Swedish Tax Ruling on Liechtenstein Foundations Hits Beneficiaries
- Admin2
- 21 hours ago
- 4 min read
Recently, the Administrative Court of Appeal in Stockholm delivered a verdict in a tax case concerning the Swedish classification of two Liechtenstein foundations. A divided court concluded that the foundations corresponded to Swedish family foundations, which resulted in a substantial tax hit for the Swedish beneficiary of the foundations. The verdict illustrates that connections to foreign foundations or trusts can entail considerable tax risks for individuals residing in Sweden.

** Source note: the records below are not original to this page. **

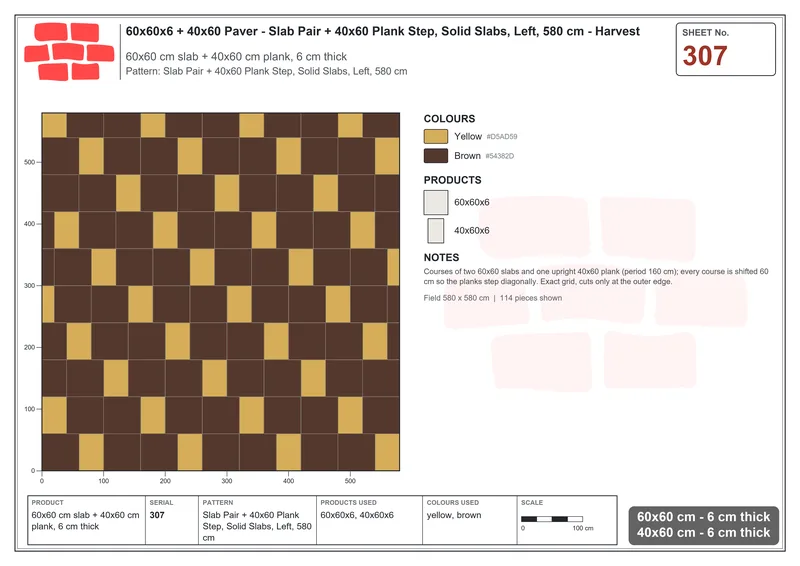 Interlock (Pasco) 60x60 cm · SQ66-307 · Slab Pair + 40x60 Plank Step, Solid Slabs, Left, 580 cm · Laying plan Interlock (Pasco) 60x60 cm · SQ66-307 · Slab Pair + 40x60 Plank Step, Solid Slabs, Left, 580 cm · Laying plan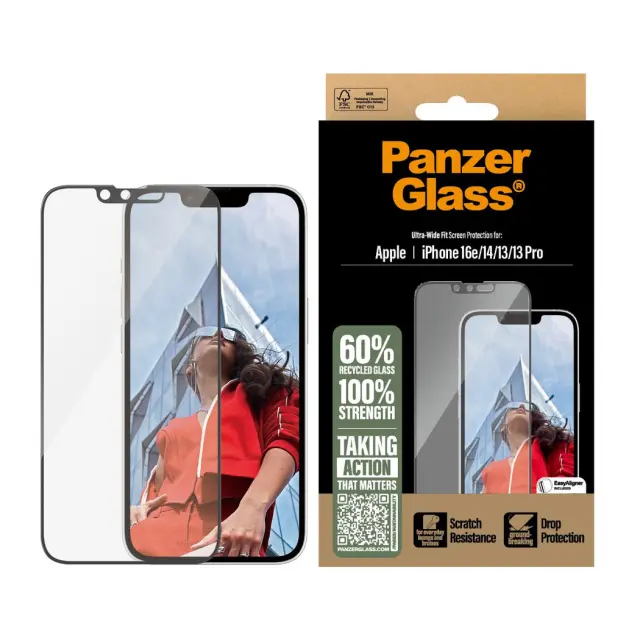 PanzerGlass - Screen Protection - iPhone 16e - 14 - 13 - 13 Pro - Ultra-Wide Fit - Electronics
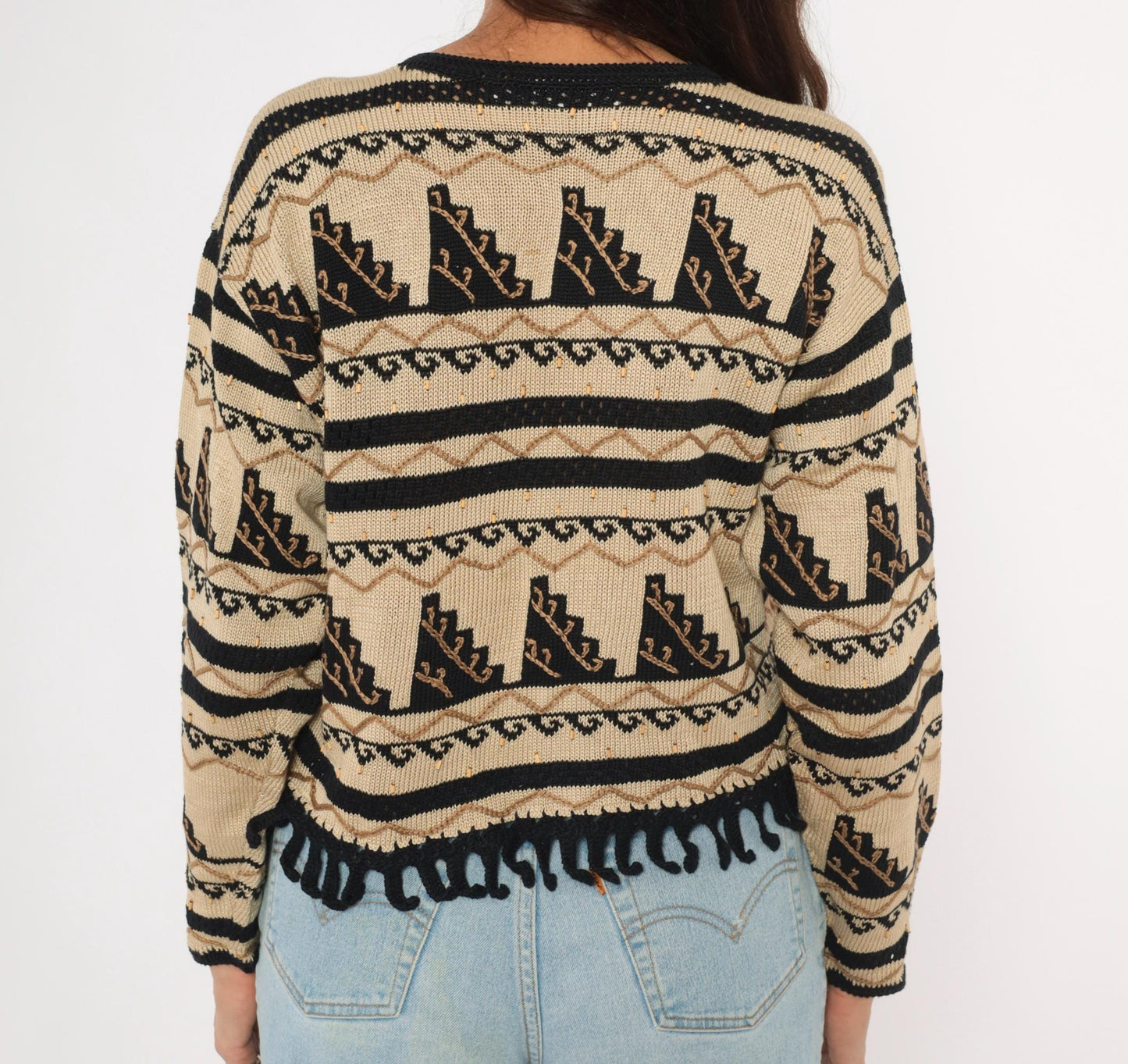 2000s Peruvian Connection Cardigan Cream Black Geometric Fringe Pima Cotton Medium M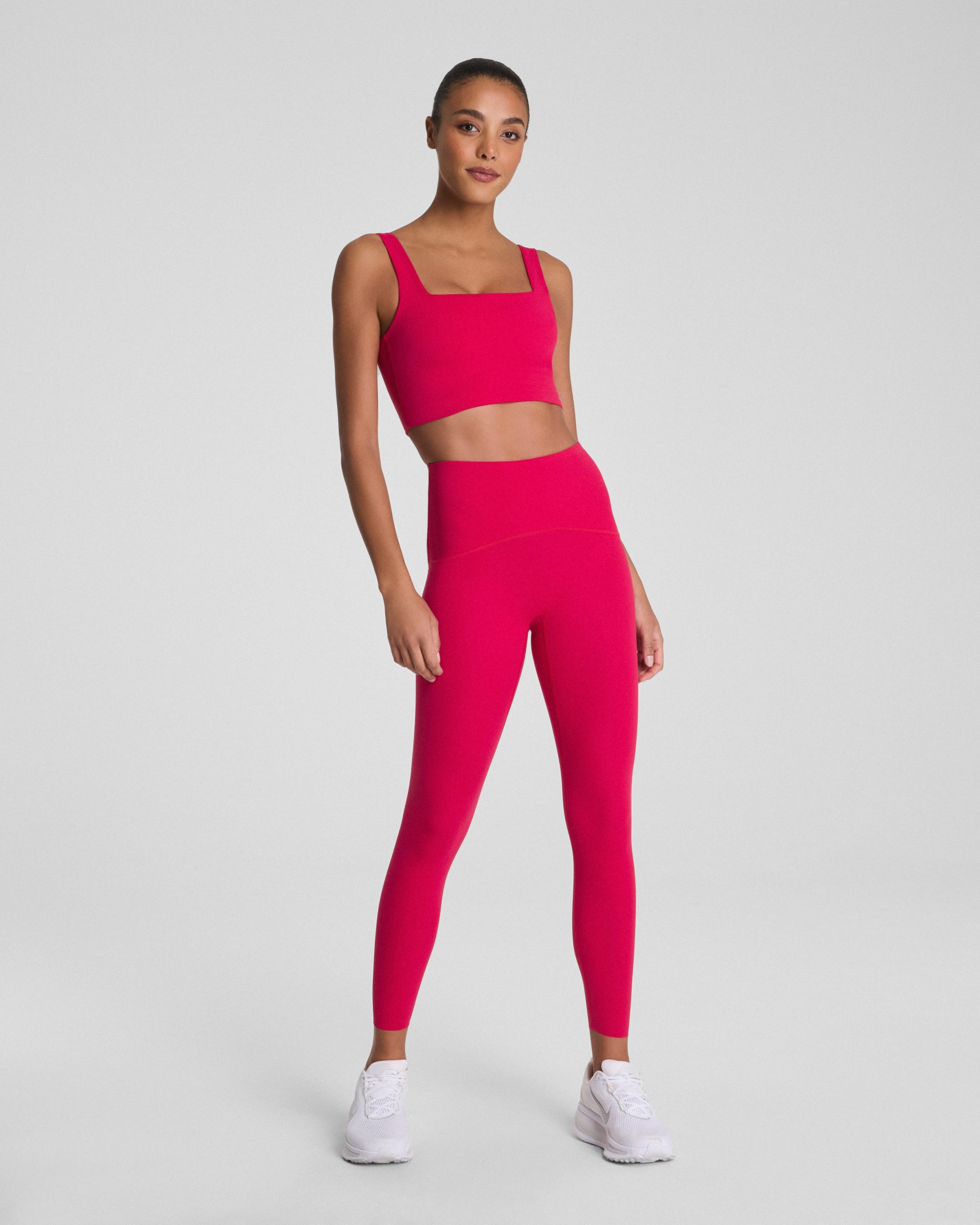 SPANX? BoostUp Cropped Square Neck Shelf Tank | Fuchsia - Image 5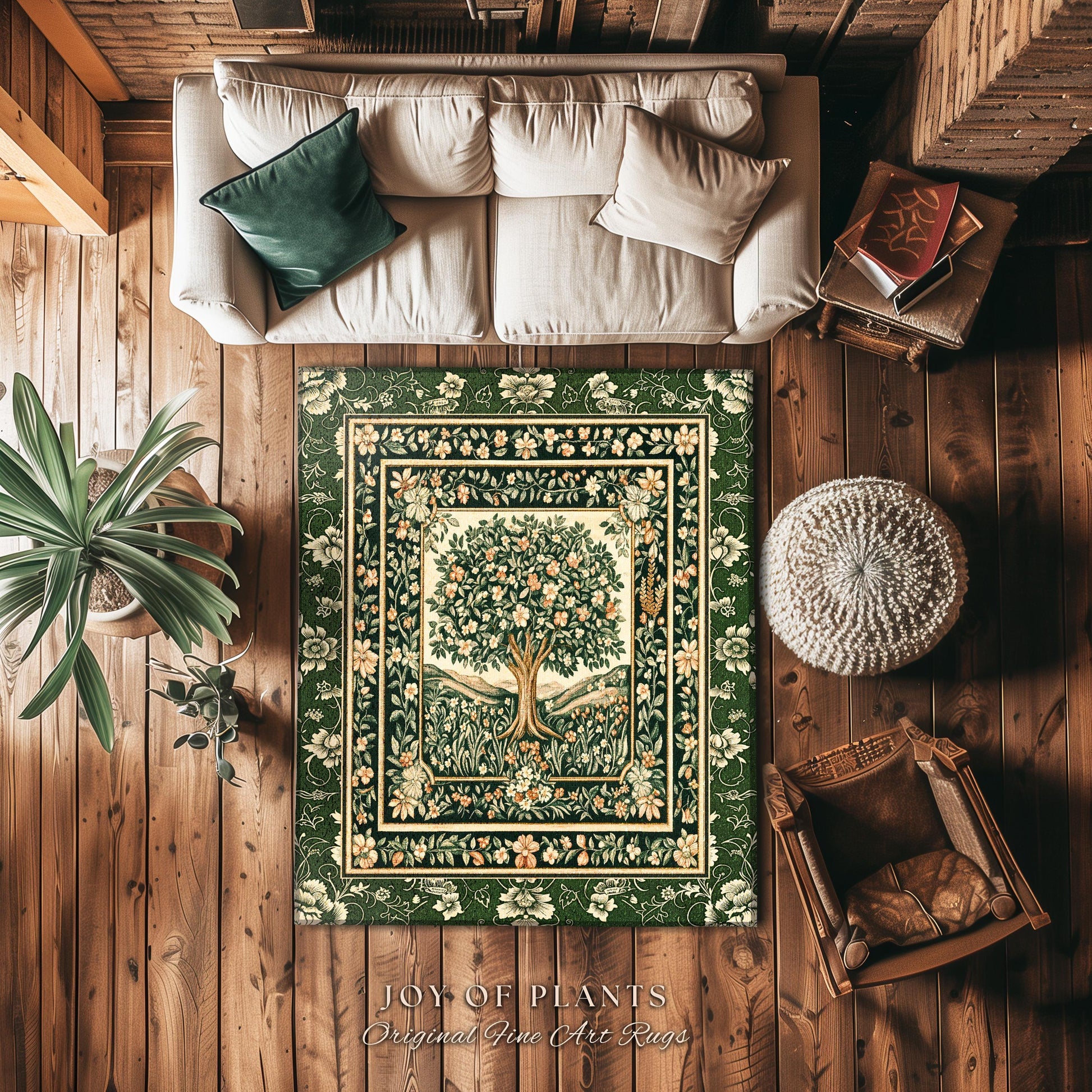 Enchanted Garden Folklore Tree Rug | Emerald Green Botanical Coquette Accent Rug Floral Accent Forest Theme Rug Folklore Design Cottagecore
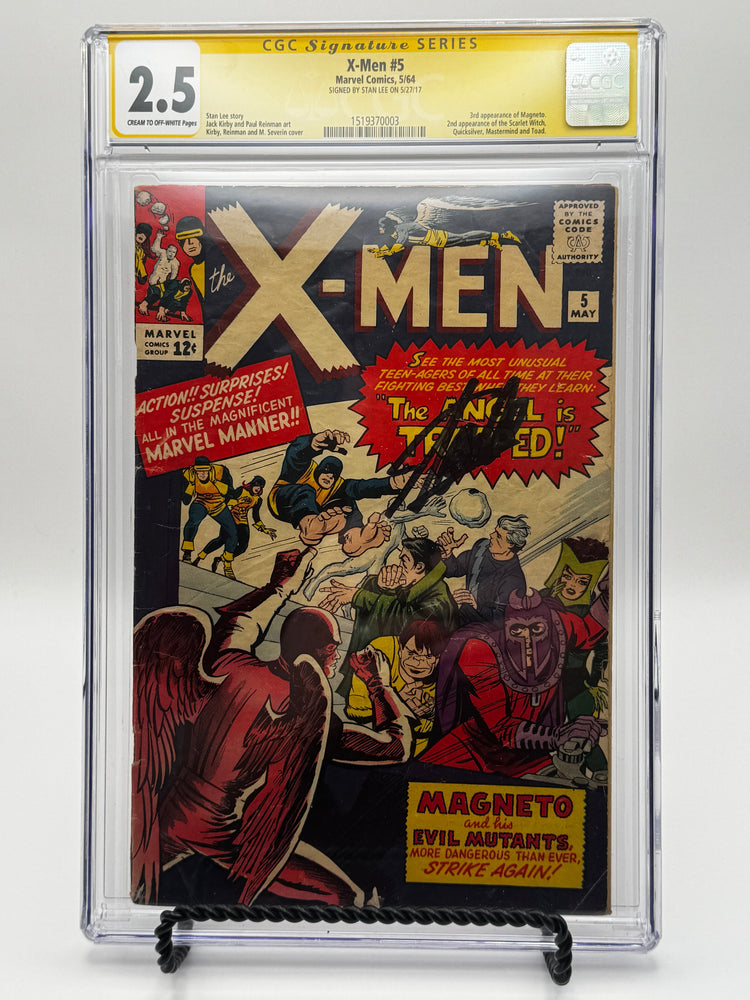 X-Men #5 CGC 2.5 Yellow Label Signed by Stan Lee 1964 [IN STOCK] (ONLINE ORDER ONLY)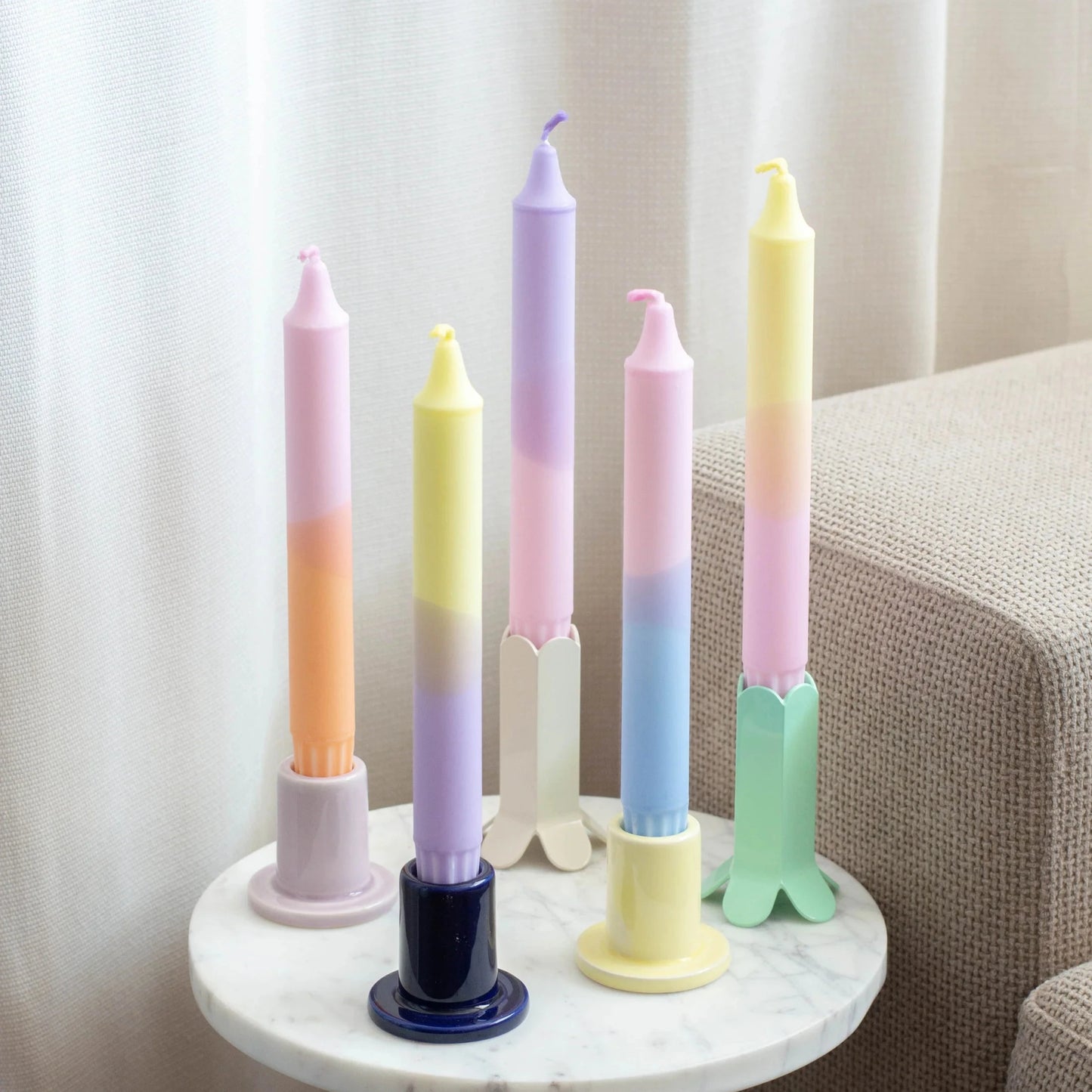 Pastel Dipped Handmade Taper Candle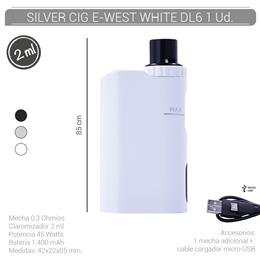 SILVER CIG E-WEST WHITE 1400 mAh/0.30 Ohm DL6 1 Ud. 40678765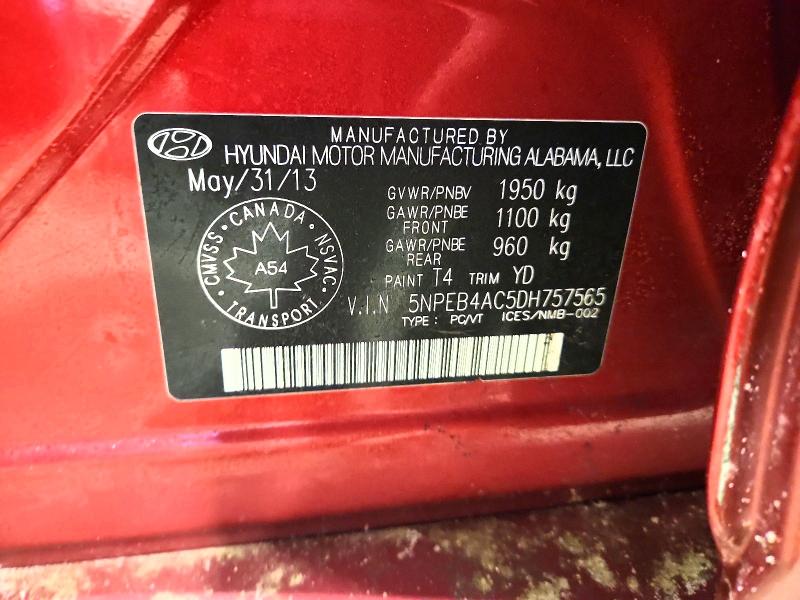 Aukcja sprzedaży 2013 Hyundai Sonata, vin: 5NPEB4AC5DH757565, numer aukcji: 73944755
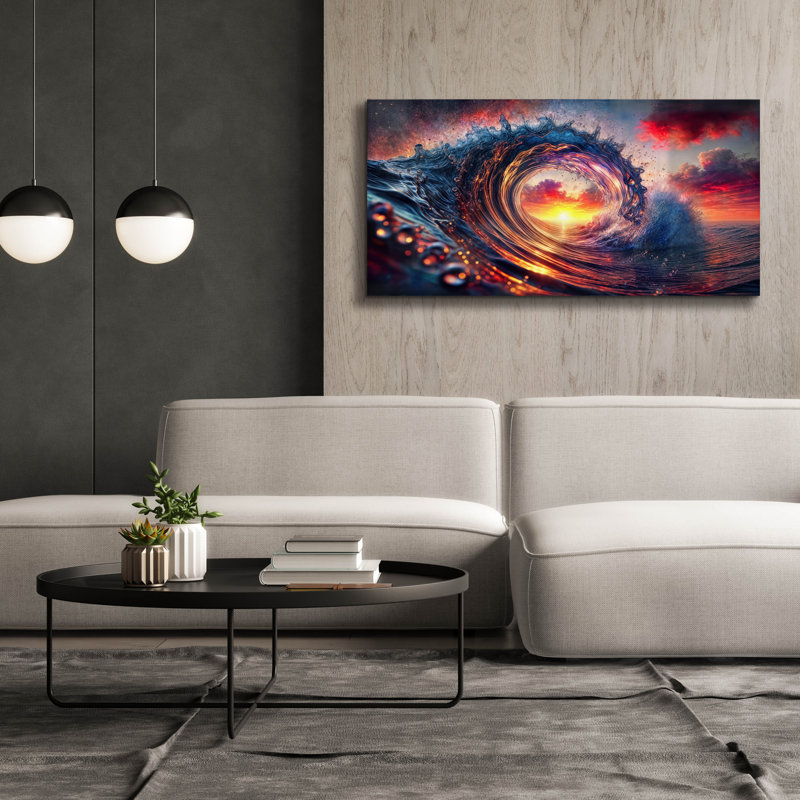 «The Last Wave» par Rey Klimt, art mural sur toile, H 30 po x l 60 po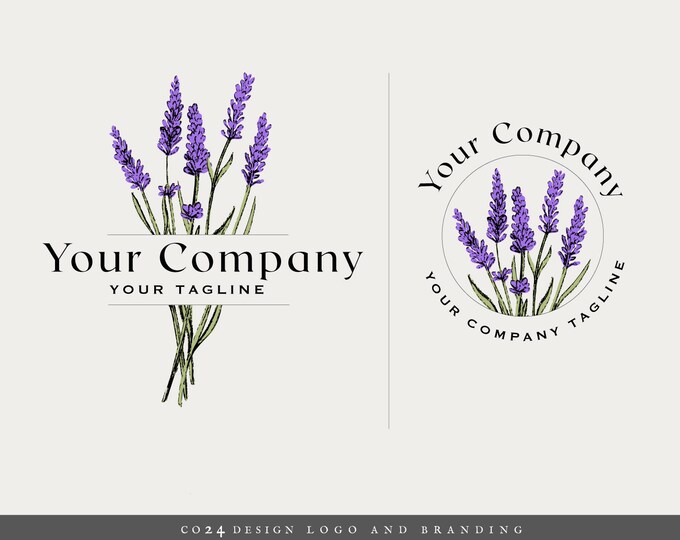 Lavender Logo, Pre-made Design, Hand Drawn Lavender Illustration, Botanical Logo, Floral Logo, Flower Logo (eps, svg, jpeg, pdf, png files)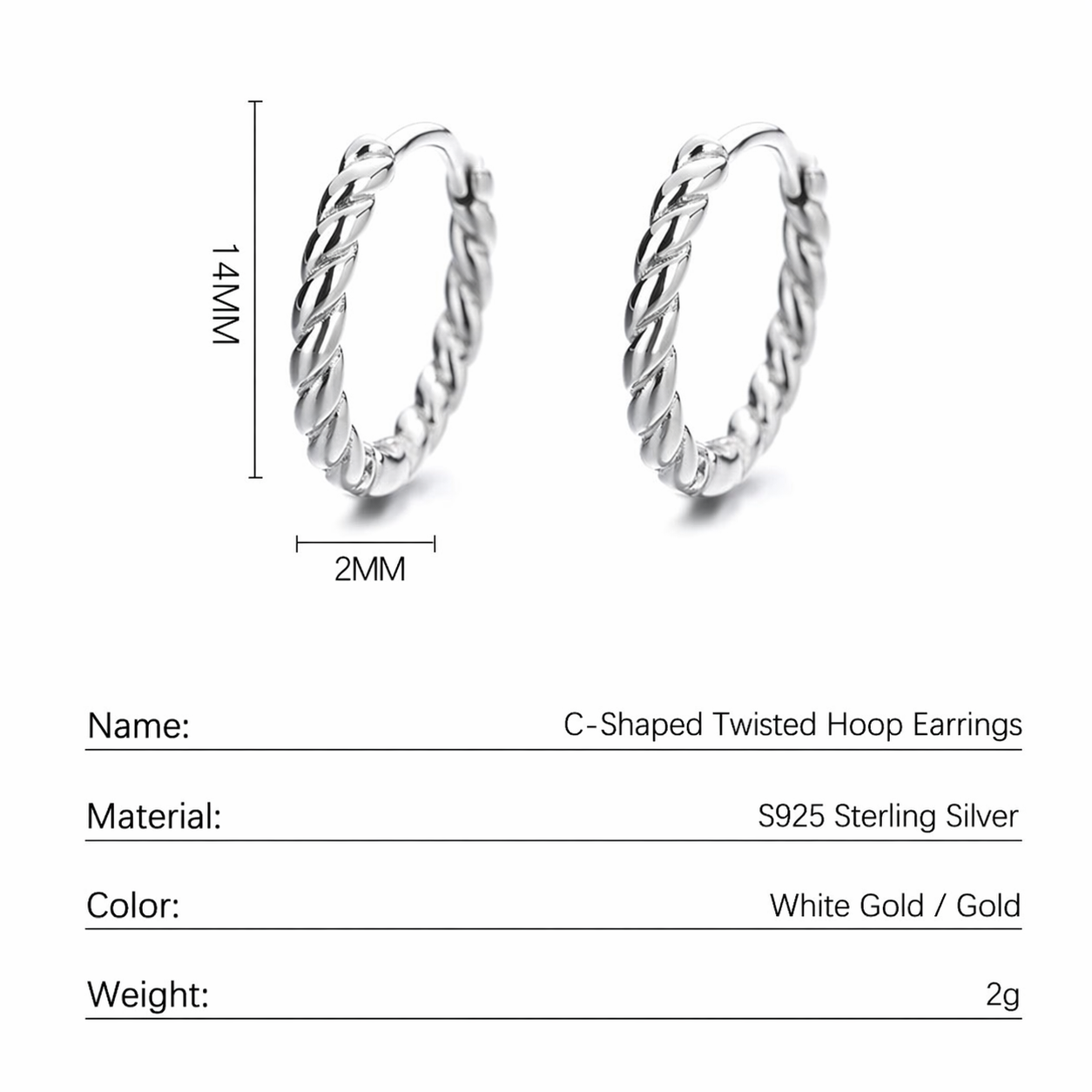 Pure Metal Twisted C Shape Hoop Earrings S925 Sterling Silver Minimalist Rope Texture Wave Design Earrings view 6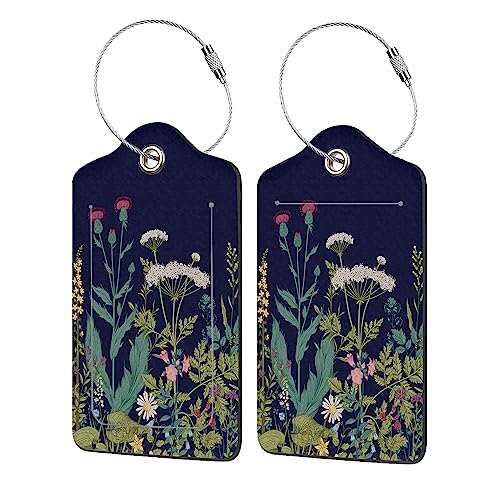 2 Pack Luggage Tags for Suitcases (Herbs and Wild Flowers)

Brief overview of Swedish taxation of trusts and foundations
There has long been legal uncertainty surrounding how foreign foundations and trusts should be treated under Swedish tax law. The main reason is that trusts, and to some extent foundations, are constructs unfamiliar to the Swedish legal system.
In recent years, however, clarifying case law has emerged from the Swedish Supreme Administrative Court. In essence, this case law establishes that an assessment should be made as to whether the foreign trust or foundation can be considered equivalent to a Swedish family foundation. The fundamental criteria that must be fulfilled for a Swedish family foundation to be created are therefore applied to the foreign trust or foundation.
If the outcome of this assessment is that the trust or foundation is considered equivalent to a Swedish family foundation, the effect is typically that the beneficiary, provided that person is fully tax resident in Sweden, is taxed on all transfers from the foundation as employment income. The transfer is thus taxed as if it were salary received by the beneficiary, which can of course result in significant taxation given the high Swedish tax rate on employment income, which can reach up to 53 %.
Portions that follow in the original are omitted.